WHAT THE EXERCISE ASKS >> Transcribe every record without leaving anything out or changing a word.

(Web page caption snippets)
--------------------------------
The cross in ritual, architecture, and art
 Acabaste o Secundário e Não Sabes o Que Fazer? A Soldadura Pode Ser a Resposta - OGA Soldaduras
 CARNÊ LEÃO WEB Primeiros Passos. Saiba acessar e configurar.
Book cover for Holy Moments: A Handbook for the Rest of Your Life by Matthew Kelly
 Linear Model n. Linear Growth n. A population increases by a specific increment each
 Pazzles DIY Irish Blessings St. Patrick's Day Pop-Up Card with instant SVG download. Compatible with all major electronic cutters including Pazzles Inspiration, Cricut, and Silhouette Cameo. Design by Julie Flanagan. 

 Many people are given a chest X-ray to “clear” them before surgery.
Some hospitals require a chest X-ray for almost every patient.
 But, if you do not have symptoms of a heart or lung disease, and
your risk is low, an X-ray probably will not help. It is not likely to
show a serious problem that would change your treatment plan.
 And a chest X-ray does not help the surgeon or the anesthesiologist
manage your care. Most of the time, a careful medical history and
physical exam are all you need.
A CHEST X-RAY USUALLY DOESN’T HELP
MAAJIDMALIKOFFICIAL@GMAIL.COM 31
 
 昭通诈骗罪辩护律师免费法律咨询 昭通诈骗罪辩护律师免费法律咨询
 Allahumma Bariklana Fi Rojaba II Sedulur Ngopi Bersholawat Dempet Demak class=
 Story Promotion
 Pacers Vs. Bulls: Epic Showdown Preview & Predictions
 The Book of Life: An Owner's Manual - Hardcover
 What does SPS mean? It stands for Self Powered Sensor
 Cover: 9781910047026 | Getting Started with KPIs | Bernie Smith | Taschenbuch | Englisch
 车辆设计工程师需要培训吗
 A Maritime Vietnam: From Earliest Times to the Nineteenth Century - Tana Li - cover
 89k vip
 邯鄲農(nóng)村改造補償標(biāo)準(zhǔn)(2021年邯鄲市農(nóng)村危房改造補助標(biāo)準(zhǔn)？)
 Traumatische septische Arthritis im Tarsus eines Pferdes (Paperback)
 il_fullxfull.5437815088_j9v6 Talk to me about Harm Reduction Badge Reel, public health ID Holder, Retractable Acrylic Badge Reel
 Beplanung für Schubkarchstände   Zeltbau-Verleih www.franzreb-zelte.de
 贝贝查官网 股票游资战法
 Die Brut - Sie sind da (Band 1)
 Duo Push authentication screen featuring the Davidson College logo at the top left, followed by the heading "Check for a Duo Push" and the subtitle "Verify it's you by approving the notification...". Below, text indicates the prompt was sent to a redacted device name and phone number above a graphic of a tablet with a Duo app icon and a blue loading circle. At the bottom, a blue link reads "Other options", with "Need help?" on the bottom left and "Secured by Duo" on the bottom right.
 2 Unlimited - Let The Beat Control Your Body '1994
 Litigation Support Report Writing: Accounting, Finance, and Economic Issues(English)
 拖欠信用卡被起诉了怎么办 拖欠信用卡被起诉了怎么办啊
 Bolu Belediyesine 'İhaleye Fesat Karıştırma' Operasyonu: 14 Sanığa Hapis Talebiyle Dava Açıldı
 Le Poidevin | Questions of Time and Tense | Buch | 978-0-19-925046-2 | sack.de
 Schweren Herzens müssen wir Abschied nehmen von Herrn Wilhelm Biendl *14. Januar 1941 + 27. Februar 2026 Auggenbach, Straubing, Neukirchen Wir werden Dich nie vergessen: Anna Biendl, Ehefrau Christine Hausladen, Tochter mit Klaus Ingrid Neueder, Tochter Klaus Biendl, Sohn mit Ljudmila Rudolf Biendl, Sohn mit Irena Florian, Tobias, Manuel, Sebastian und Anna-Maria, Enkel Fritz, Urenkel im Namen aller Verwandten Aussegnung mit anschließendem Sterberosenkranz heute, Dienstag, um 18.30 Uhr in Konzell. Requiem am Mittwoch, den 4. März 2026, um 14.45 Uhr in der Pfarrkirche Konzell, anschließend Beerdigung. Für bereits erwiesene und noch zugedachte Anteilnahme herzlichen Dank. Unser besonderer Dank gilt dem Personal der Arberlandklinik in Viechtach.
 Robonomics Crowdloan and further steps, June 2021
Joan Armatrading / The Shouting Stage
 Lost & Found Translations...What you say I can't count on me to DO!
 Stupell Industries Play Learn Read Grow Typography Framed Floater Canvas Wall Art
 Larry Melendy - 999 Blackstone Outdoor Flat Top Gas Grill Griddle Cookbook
--------------------------------
FINISHED EXERCISE >>
The cross in ritual, architecture, and art
 Acabaste o Secundário e Não Sabes o Que Fazer? A Soldadura Pode Ser a Resposta - OGA Soldaduras
 CARNÊ LEÃO WEB Primeiros Passos. Saiba acessar e configurar.
Book cover for Holy Moments: A Handbook for the Rest of Your Life by Matthew Kelly
 Linear Model n. Linear Growth n. A population increases by a specific increment each
 Pazzles DIY Irish Blessings St. Patrick's Day Pop-Up Card with instant SVG download. Compatible with all major electronic cutters including Pazzles Inspiration, Cricut, and Silhouette Cameo. Design by Julie Flanagan. 

 Many people are given a chest X-ray to “clear” them before surgery.
Some hospitals require a chest X-ray for almost every patient.
 But, if you do not have symptoms of a heart or lung disease, and
your risk is low, an X-ray probably will not help. It is not likely to
show a serious problem that would change your treatment plan.
 And a chest X-ray does not help the surgeon or the anesthesiologist
manage your care. Most of the time, a careful medical history and
physical exam are all you need.
A CHEST X-RAY USUALLY DOESN’T HELP
MAAJIDMALIKOFFICIAL@GMAIL.COM 31
 
 昭通诈骗罪辩护律师免费法律咨询 昭通诈骗罪辩护律师免费法律咨询
 Allahumma Bariklana Fi Rojaba II Sedulur Ngopi Bersholawat Dempet Demak class=
 Story Promotion
 Pacers Vs. Bulls: Epic Showdown Preview & Predictions
 The Book of Life: An Owner's Manual - Hardcover
 What does SPS mean? It stands for Self Powered Sensor
 Cover: 9781910047026 | Getting Started with KPIs | Bernie Smith | Taschenbuch | Englisch
 车辆设计工程师需要培训吗
 A Maritime Vietnam: From Earliest Times to the Nineteenth Century - Tana Li - cover
 89k vip
 邯鄲農(nóng)村改造補償標(biāo)準(zhǔn)(2021年邯鄲市農(nóng)村危房改造補助標(biāo)準(zhǔn)？)
 Traumatische septische Arthritis im Tarsus eines Pferdes (Paperback)
 il_fullxfull.5437815088_j9v6 Talk to me about Harm Reduction Badge Reel, public health ID Holder, Retractable Acrylic Badge Reel
 Beplanung für Schubkarchstände   Zeltbau-Verleih www.franzreb-zelte.de
 贝贝查官网 股票游资战法
 Die Brut - Sie sind da (Band 1)
 Duo Push authentication screen featuring the Davidson College logo at the top left, followed by the heading "Check for a Duo Push" and the subtitle "Verify it's you by approving the notification...". Below, text indicates the prompt was sent to a redacted device name and phone number above a graphic of a tablet with a Duo app icon and a blue loading circle. At the bottom, a blue link reads "Other options", with "Need help?" on the bottom left and "Secured by Duo" on the bottom right.
 2 Unlimited - Let The Beat Control Your Body '1994
 Litigation Support Report Writing: Accounting, Finance, and Economic Issues(English)
 拖欠信用卡被起诉了怎么办 拖欠信用卡被起诉了怎么办啊
 Bolu Belediyesine 'İhaleye Fesat Karıştırma' Operasyonu: 14 Sanığa Hapis Talebiyle Dava Açıldı
 Le Poidevin | Questions of Time and Tense | Buch | 978-0-19-925046-2 | sack.de
 Schweren Herzens müssen wir Abschied nehmen von Herrn Wilhelm Biendl *14. Januar 1941 + 27. Februar 2026 Auggenbach, Straubing, Neukirchen Wir werden Dich nie vergessen: Anna Biendl, Ehefrau Christine Hausladen, Tochter mit Klaus Ingrid Neueder, Tochter Klaus Biendl, Sohn mit Ljudmila Rudolf Biendl, Sohn mit Irena Florian, Tobias, Manuel, Sebastian und Anna-Maria, Enkel Fritz, Urenkel im Namen aller Verwandten Aussegnung mit anschließendem Sterberosenkranz heute, Dienstag, um 18.30 Uhr in Konzell. Requiem am Mittwoch, den 4. März 2026, um 14.45 Uhr in der Pfarrkirche Konzell, anschließend Beerdigung. Für bereits erwiesene und noch zugedachte Anteilnahme herzlichen Dank. Unser besonderer Dank gilt dem Personal der Arberlandklinik in Viechtach.
 Robonomics Crowdloan and further steps, June 2021
Joan Armatrading / The Shouting Stage
 Lost & Found Translations...What you say I can't count on me to DO!
 Stupell Industries Play Learn Read Grow Typography Framed Floater Canvas Wall Art
 Larry Melendy - 999 Blackstone Outdoor Flat Top Gas Grill Griddle Cookbook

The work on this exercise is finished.